Barbara Kruger gives us a conceptual art piece that is not just an image of postage stamps but a sheet of actual stamps, printed on kiss-cut adhesive paper and created as a special artwork for East of Borneo, the well known Los Angeles art magazine, in a signed limited edition of only 35. The nine individual images of Untitled (Stamps), repeating in a 3 x 3 grid, read the words Happy, Sad, Awake, Asleep, Hopeful, Doubtful, Relaxed, Tense and Alive. Paired with the image of the stopwatch and presented in the repetitive manner as such, the commentary is easy to discern.

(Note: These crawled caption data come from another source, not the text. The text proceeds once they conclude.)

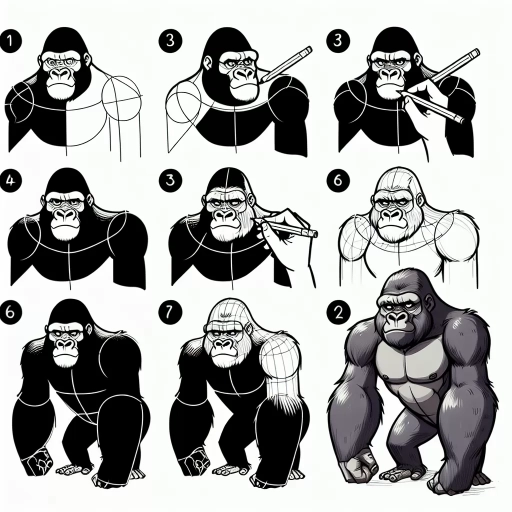 how to draw a gorilla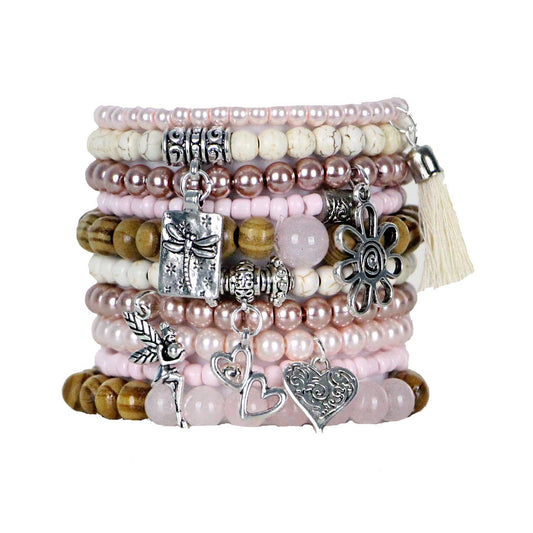 BRACELETS, SET of 9 - LOTUS
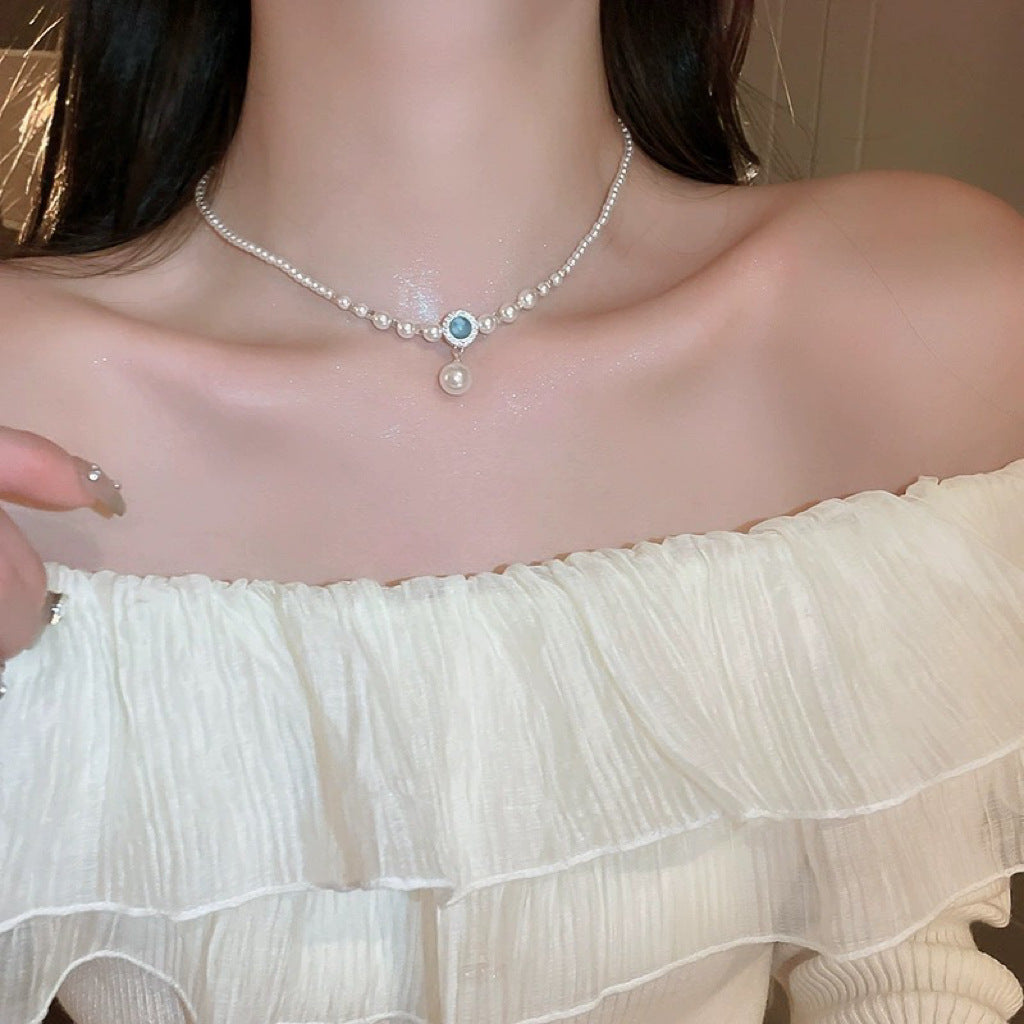 925 sterling silver pearl  necklace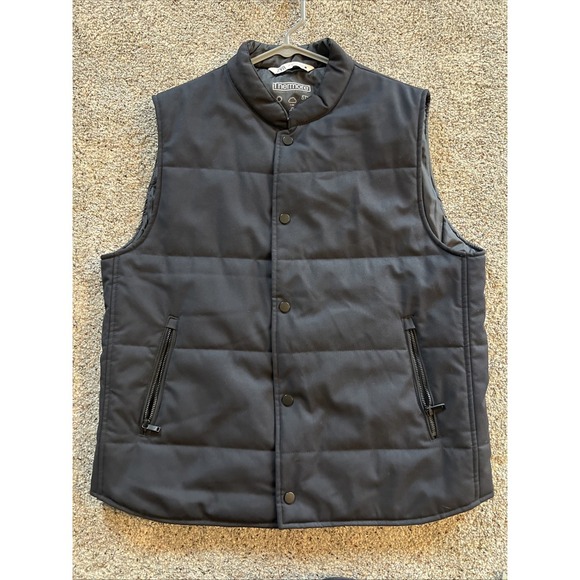 Zara Thermore Vest Men Black Size XL Pockets - Picture 1 of 8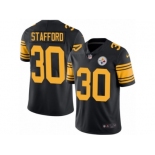 Men Nike Pittsburgh Steelers #30 Daimion Stafford Limited Black Rush Vapor Untouchable NFL Jersey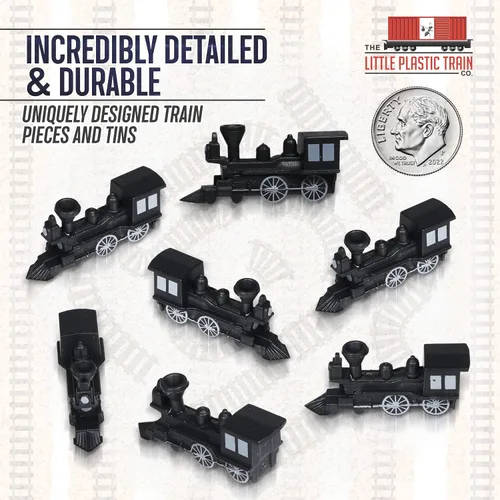 Miniatura 3 de Midnight Express Deluxe - Juego de tren de mesa Piezas de jugador para boleto para montar y otros juegos de mesa de tren para adultos, familiares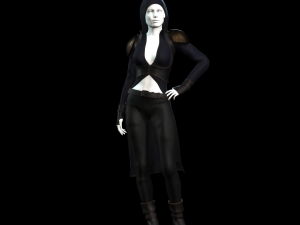 The sorceress - fantasy style armor 3D Model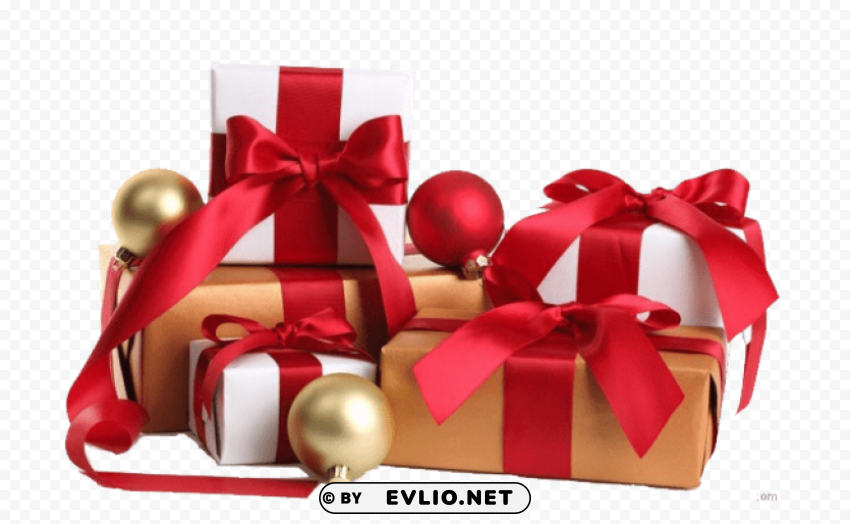 Transparent Background PNG of christmas gifts Isolated Illustration with Clear Background PNG - Image ID fcb2721e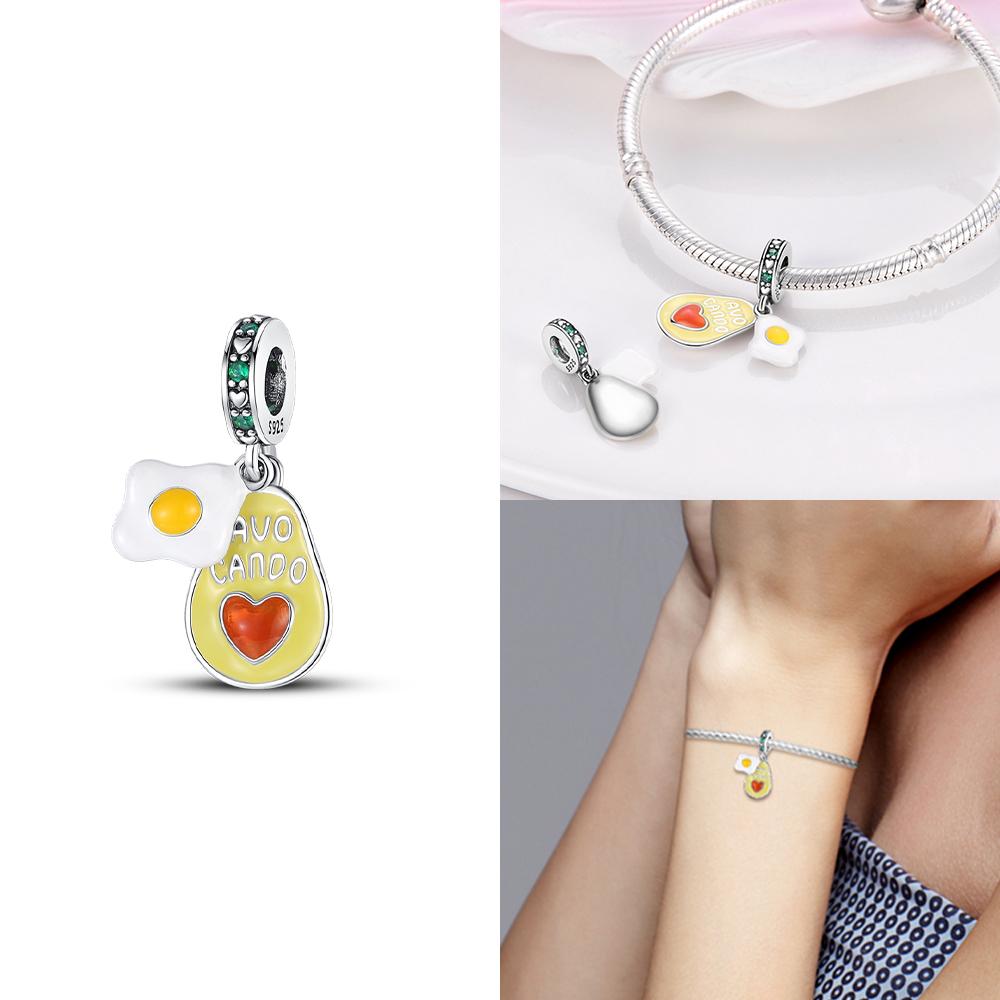 Cherry Fruit Series Charms New Copper Color Strawberry Beads Fit 3Mm Original Bracelets Diy Birthday Jewelry Gifts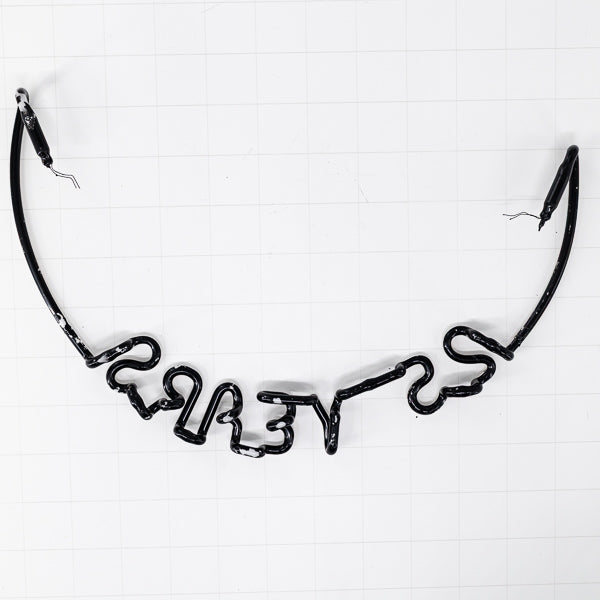25 YEARS Single Stroke Word unit with Border Replacement Tube - Neon Sign Part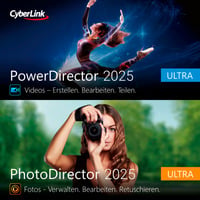 CyberLink PowerDirector 2025 Ultra & PhotoDirector 2025 Ultra Duo, Grafik, Multimedia-Software Deutsch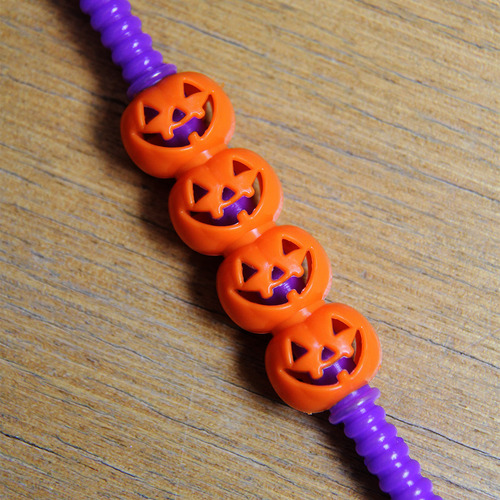 Canudo Tema Halloween 22cm Pct C/5 Cor Abóbora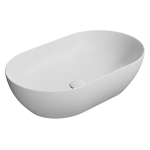 Раковина 60х37 GSI Pura 883409 белый матовый 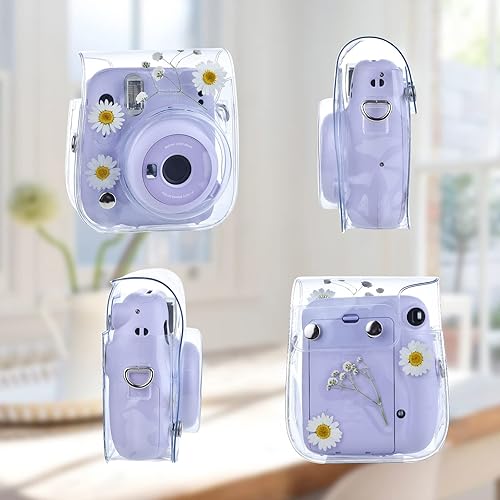 Miniatura 4 de Mini11 Case, Clear Case for Instant Mini 1211988+40 Instant Camera Dry Flower PVC Case Cover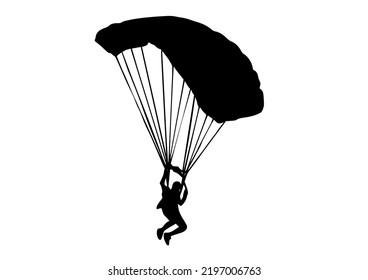 Illustration of a, Parachute Vector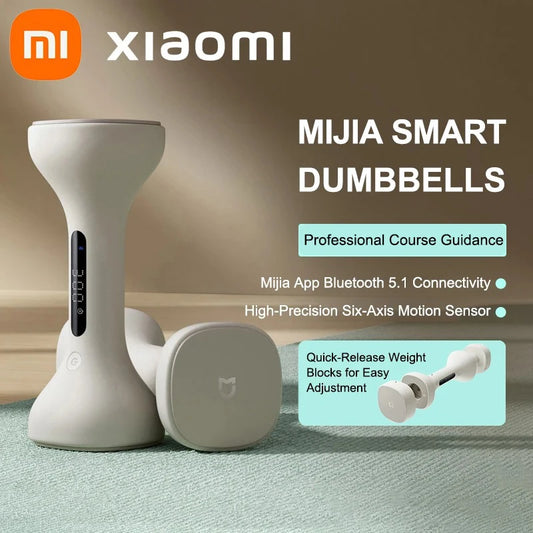 Xiaomi Mijia Smart Dumbbells – Haltères connectés avec affichage LED et coaching via Mi Home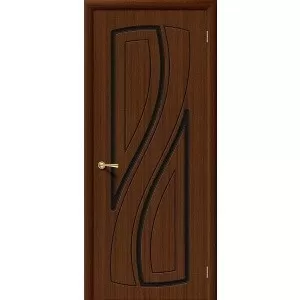 Межкомнатная дверь Лагуна Ф-17 Шоколад купить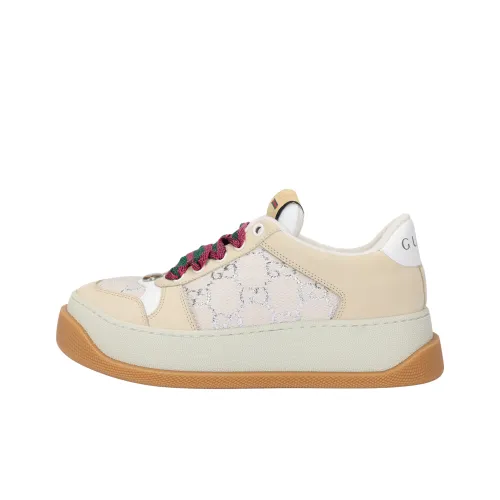 GUCCI Screener Потертый Обувь Джигглипафф Стильные Скейтбординги Женские Бежевый
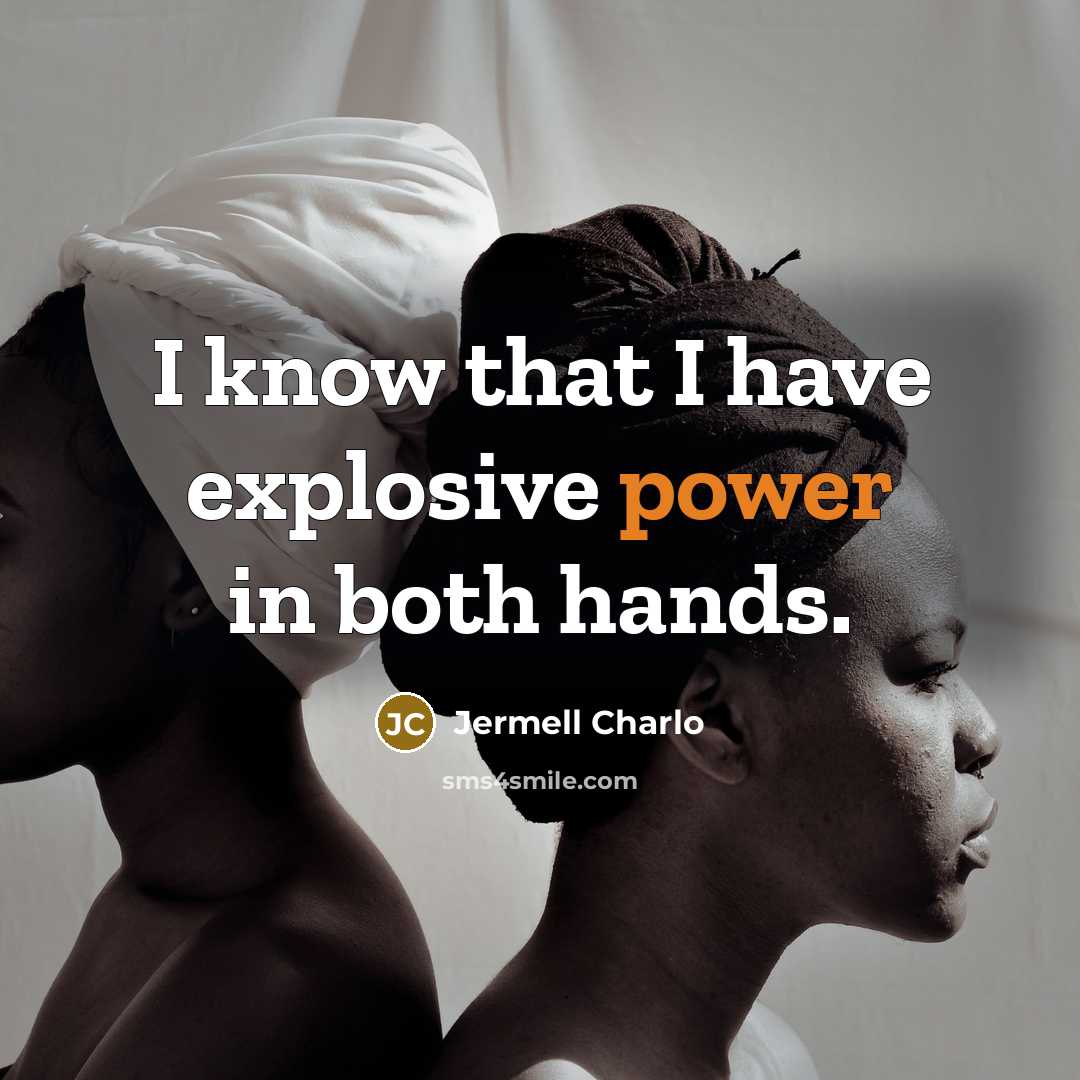 “I know that I have explosive power in both hands.…” quote by Jermell Charlo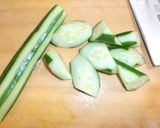 夏バテに❀ 鶏もも肉ときゅうりの梅煮作り方6写真
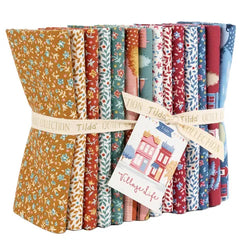 Tilda's Village Life Fat Quarter Bundle Blenders & Extras - 14 pieces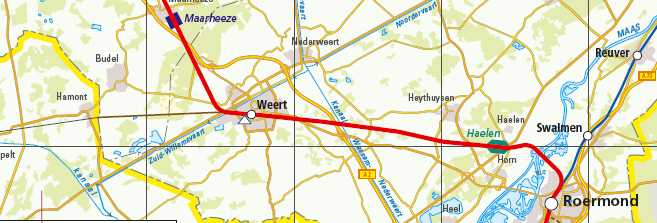 2.1.1. Tracé in België Tracédeel Kenmerken Provincie Gemeenten Antwerpen - Herentals Herentals - Mol Mol - Neerpelt Neerpelt - grens - Dubbelsporig - Geëlektrificeerd 3000 V DC - V max = 120 km/u -
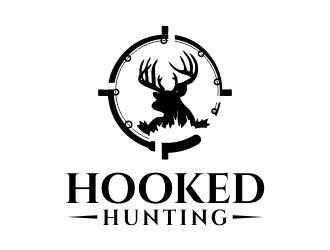 HookedHunting logo design by done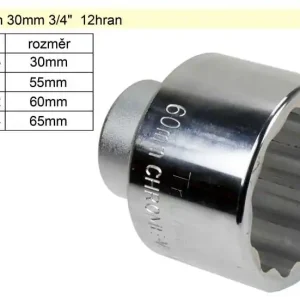 Expresní doručení - Gola ořech dvanáctihran 32mm 3/4" 12hran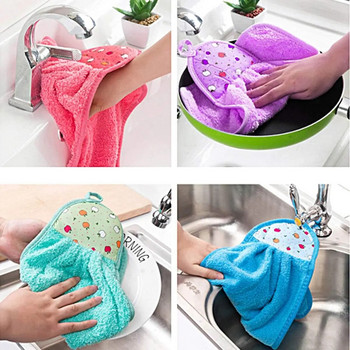 Висяща кухненска кърпа за ръце Flyup Бързосъхнеща мека кърпа за избърсване на съдове за кухненска баня (4 бр.)
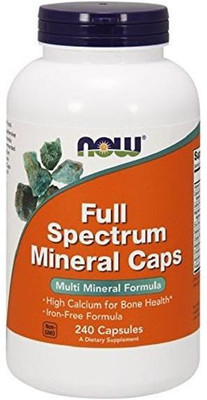 

Now Foods Full Spectrum Minerals Caps 240 Capsules(240 No)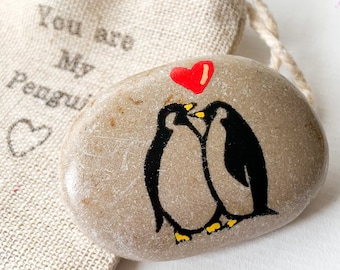 Tu es mon pingouin cadeaux romantiques pour lui Pingouin galets cadeaux sentimentaux pour petit ami idée cadeau cadeaux Saint-Valentin pour lui drôles je t'aime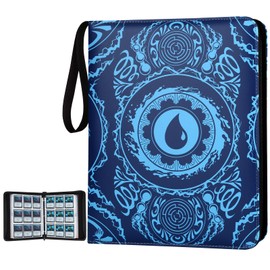 MTGPRO Trading Card Binder,9-Pocket Binder for Trading Cards Holds 720 Cards,Premium Collector Card Album for Standard Cards,Card Collection Folder for MTG,TCG,Yugioh,Game Cards (Blue)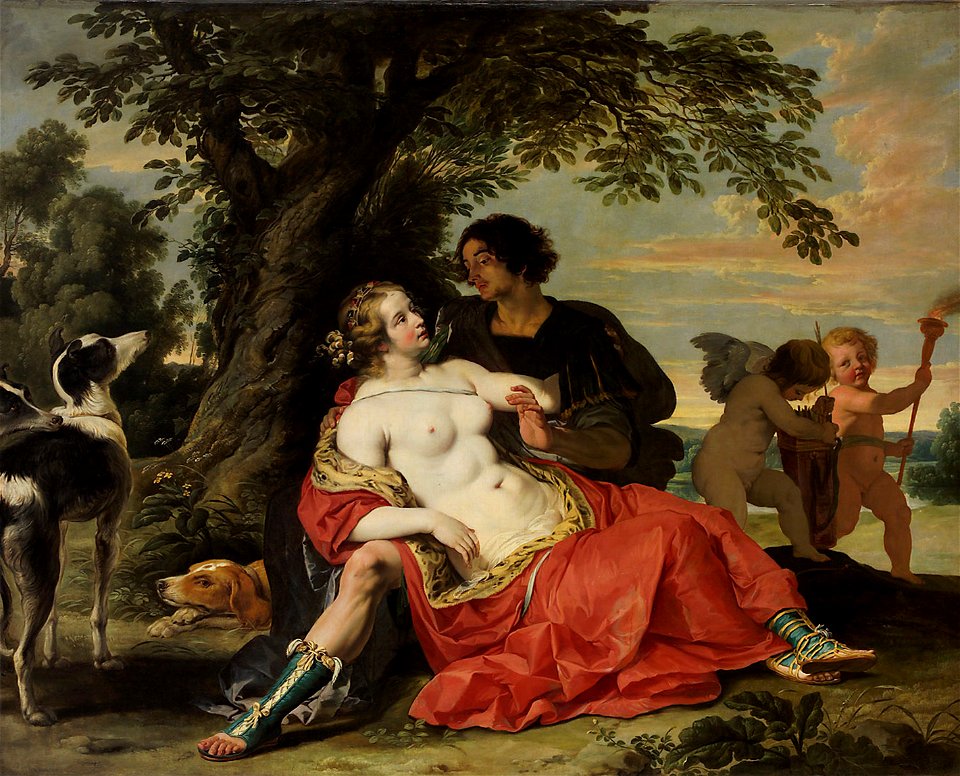 JANSSENS Abraham Venus and Adonis
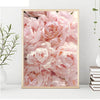 Pink Peony Tulips Rose Flower Wall Art Canvas Painting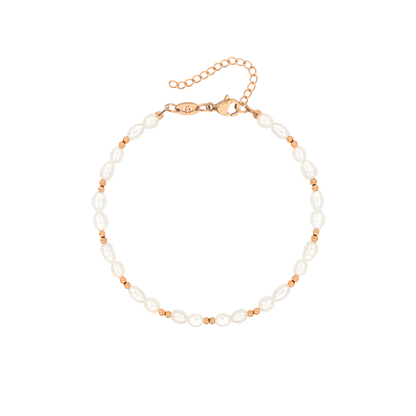 Summertime Pearl Bracelet Roségold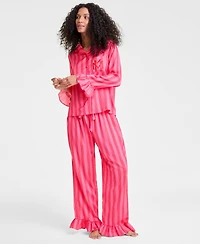 Disney | Macy's Women's Minnie Mouse Satin Pajamas Sleep Set, Exclusive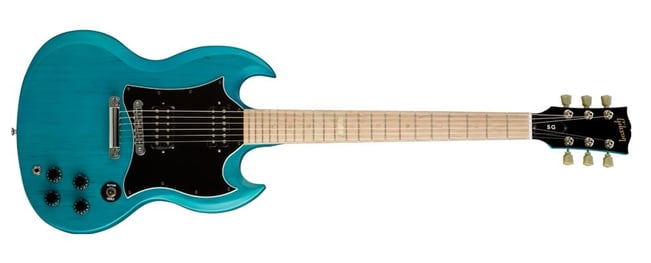 Gibson SG Raw Power (Satin Aquamarine)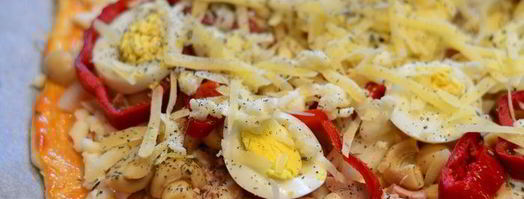 пицца-ролл с очень вкусной начинкой. Шаг 7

Vik Muniz – Roland Garros French Open, offset lithograph 2017

In a poster for the Roland Garros French Open artist Vik Muniz is playfully interlacing the medium of tennis court clay as a drawing tool with the imagery of the court itself and the shadows made by light. The result could perhaps be put in the category of trompe-l'œil as a photograph, though in reality it is a sculpture— or more accurately, shifts between definitions of a sculpture and a three dimensional illustration. Whichever way you look at it, it is certainly mind-bending in concept, succinct in realization and full of lyricism.

Marcel Duchamp – 50 cc of Paris Air, on Pink, stone lithograph 1986

And where would we be without everyone’s favorite original art critic artist, Marcel Duchamp, inventor of the high art gallery toilet, reminding viewers everywhere to not take art so seriously sometimes— an extraordinarily valuable contribution to the discussion as a whole. This piece 50 cc of Paris Air, on Pink is of the glass ornament that was a 1919 gift from Duchamp to his friend and patron Walter Arensburg upon Duchamp's return from Paris to New York. His combination of humor, wit and mastery with innovative thinking were revolutionary at the time, and still ring one-of-a-kind even now.